Models describing evolution at the codon level allow the estimation of measures of the selective forces acting on proteins (Kosiol et. al. 2000). The available implementation is only M0 currently, also called as GY94, first published by Goldman & Yang 1994, and late designated to be one of the M-series (M0-M13) proposed by Yang et al. 2000.

M series

The relative instantaneous substitution rate qij from codon i to codon j can be calculated as: Substitution rate from codon i to codon j

The above two figures are copied from Yang et al. 2000.

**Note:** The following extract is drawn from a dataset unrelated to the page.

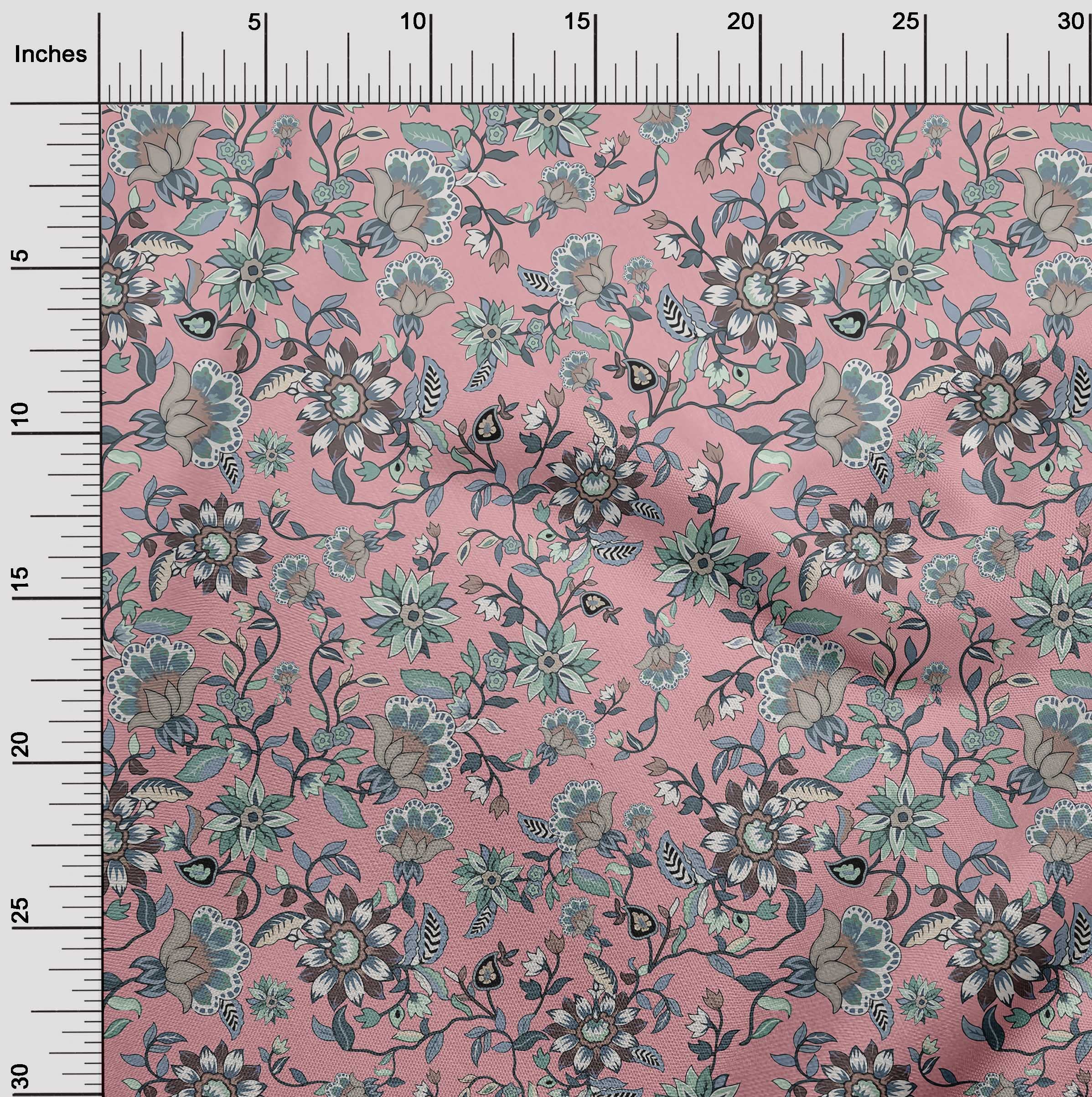 oneOone Cotton Jersey Light Pink Suzani Print Fabric by The Yard - 58 Inch Wide Soft Dress Material for DIY Asian-Inspired Clothing & Home Decor Projects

The model implementation in Java was ported from BEAST 1 project. The code was modified (including bug-fixing) to fit in BEAST 2 and also tested comparing with the codeml results.

Tutorial

The tutorial is available in wiki.

XML example

The codon substitution model takes codon alignment as the input, where the codon alignment wraps the nucleotide alignment and has to use codon data type, for example:

<data id="codon.alignment" data="@alignment" dataType="codon" 
      geneticCode="vertebrateMitochondrial" spec="CodonAlignment"/>

The attribute geneticCode includes "universal", "vertebrateMitochondrial", "yeast", "moldProtozoanMitochondrial", "mycoplasma", "invertebrateMitochondrial", "ciliate", "echinodermMitochondrial", "euplotidNuclear", "bacterial", "alternativeYeast", "ascidianMitochondrial", "flatwormMitochondrial", "blepharismaNuclear", "noStops".

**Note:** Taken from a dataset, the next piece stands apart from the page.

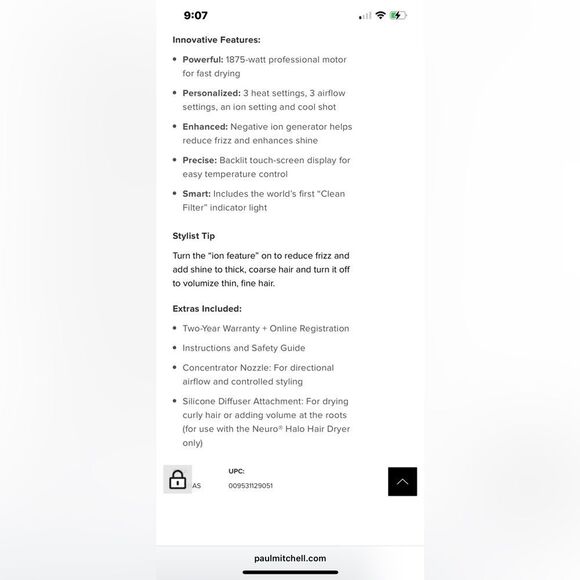 Nib paul mitchell neuro halo tourmaline touchscreen tech blow hair dryer/styler - Picture 8 of 12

If the sequences contain partial nucleotide ambiguities in the code, such as -TA, then turn off the flag unknownCodeException to replace any unmapped triplets to ---.

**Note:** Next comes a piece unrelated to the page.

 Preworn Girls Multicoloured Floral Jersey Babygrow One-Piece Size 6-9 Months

<data id="codon.alignment" data="@alignment" dataType="codon" 
      geneticCode="vertebrateMitochondrial" spec="CodonAlignment" unknownCodeException="false"/>

The xml to use M0 looks like:

<parameter id="m0.omega" value="0.04484"/>
<parameter id="m0.kappa" value="20.41545"/>

<substModel spec="codonmodels.M0Model" id="m0" verbose="true">
    <omega idref="m0.omega"/>
    <kappa idref="m0.kappa"/>
    <frequencies id="m0.freqs" spec="CodonFrequencies" pi="F3X4">
        <data idref="codon.alignment"/>
    </frequencies>
</substModel>

Note: the tree likelihood has to use the codon alignment not the nucleotide alignment.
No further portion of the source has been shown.